The speech synthesis method
by S. B.
Current note: In the meantime, the DOS programm "AUDIGIT" described in this article is technically out-dated. A new software, which also runs under Windows, can be found here. An up-to-date description of the speech synthesis method can be found here.
When approximately in the year 1990 the computer aided speech synthesis method was developed and since then was used regularly for voice recordings in the Cologne Technology Centre, it didn't spread out very much in spite of the good results. This was clear, since an attachment, the so-called digitizer, was required in addition to a computer. Its purpose was to transform analogous speech signals into digital data which could be processed by the computer. However, this digitizer wasn't available on the market, but it had to be assembled - an insurmountable obstacle for interested but electronically less experienced users. Meanwhile the age has changed - we live in the "Multimedia Age" - and a soundcard actually belongs to the standard equipment of every computer which could meanwhile already conquer its firm place next to television set and refrigerator in almost every home. What seemed more likely than to make this interesting recording method available to a wider circle of potential users by adapting the required software to soundcard support and furthermore, by extending it in many respects? Thus, if you own a computer with soundcard, the only thing you need to make recordings with the speech synthesis method is the software AUDIGIT (further informations you will find at the end of this article).

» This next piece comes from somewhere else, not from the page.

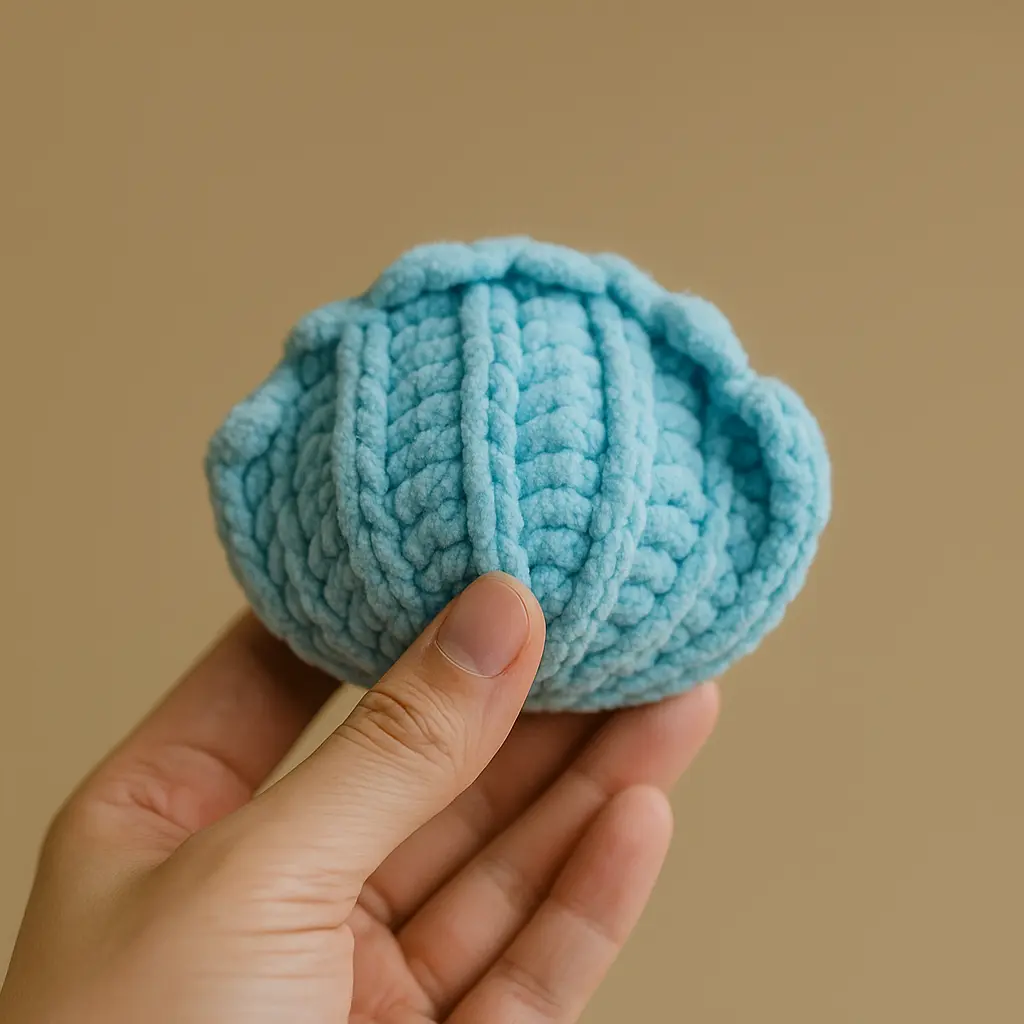 Textured blue crochet clam shell pattern with raised ridges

The speech synthesis method indeed was already mentioned briefly in issue P 86 on page 15 ("Der Computer-Zufallsgenerator" = "The computer random generator") but in particular to the "newcomers" of VTF this term possibly won't mean much. Therefore I would like to deal once again with it at this point:
In order to record EVP it seems to be required to offer some kind of "raw material" which is used to form meaningful linguistic comments to the experimenter's questions by physically not (yet) explainable influences. The most different methods are existing for the generation, radiation and recording of the raw material, whose frequency spectrum obviously must always be within the audible range - wether as a direct sound event or modulated onto the most different carriers (radio waves, light etc.).
With the speech synthesis method, a further interesting possibility for the generation of acoustical raw material exists. The principle of this method is explained simply: A short sequence (e.g. 25 sec.) of any speech signal is subdivided into small segments of the same length (e.g. 100 millisec.) which are then played back in random order with the aid of a computer. This "gibberish" indeed still has the sound of the original speech signal, but is no more understandable and therefore, is suitable as an acoustic background noise for EVP recordings.

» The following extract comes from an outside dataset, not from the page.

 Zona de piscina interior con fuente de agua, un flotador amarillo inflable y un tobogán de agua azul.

The initial idea concerning this method was the random controlled composition of individual, exactly defined phonemes to a random language (random controlled phoneme synthesis). It then turned out in practice, that randomly "chopped" language yields better results with voice recordings because of its greater dynamics. Subdividing an audio signal into segments of the same length is moreover to be managed more simply than the manual excising of individual phonemes. The variation possibilities are also by far more diverse here.
Because of the control possibilities given by the use of the computer during generation of the raw material, the speech synthesis method could make an important contribution to the documentation of the paranormality of the voice phenomenon and therefore support the scientific recognition of this phenomenon.
Now something concerning the diverse possibilities which this method offers:
Any speech signals can be digitized at 8 bits resolution and stored in the computer memory. The sampling rate can be varied from approximately 4.7 to 44.2 kHz. A specific function then allows the random controlled playback of individual segments of this signal in order to generate an acoustic "raw material" for voice recordings. There are the following setting options here:
Length of segments
The length of the random controlled played back segments can be choosen between 1 millisecond and several seconds. With this the degree of the cutting up of the signal is determined. At too high values, individual snatches of words or complete words can be heard; too small values (less than 10 ms) falsify the sound of the signal, but can, however, yield interesting results!
Order of segments
The segments can be arranged either one after the other or overlapping within the audio signal. In the first case, the segments lie seamlessly behind each other in exactly defined places. In the second case, every segment may lie in any place within the audio signal, what allows more variation possibilities for the generation of the raw material.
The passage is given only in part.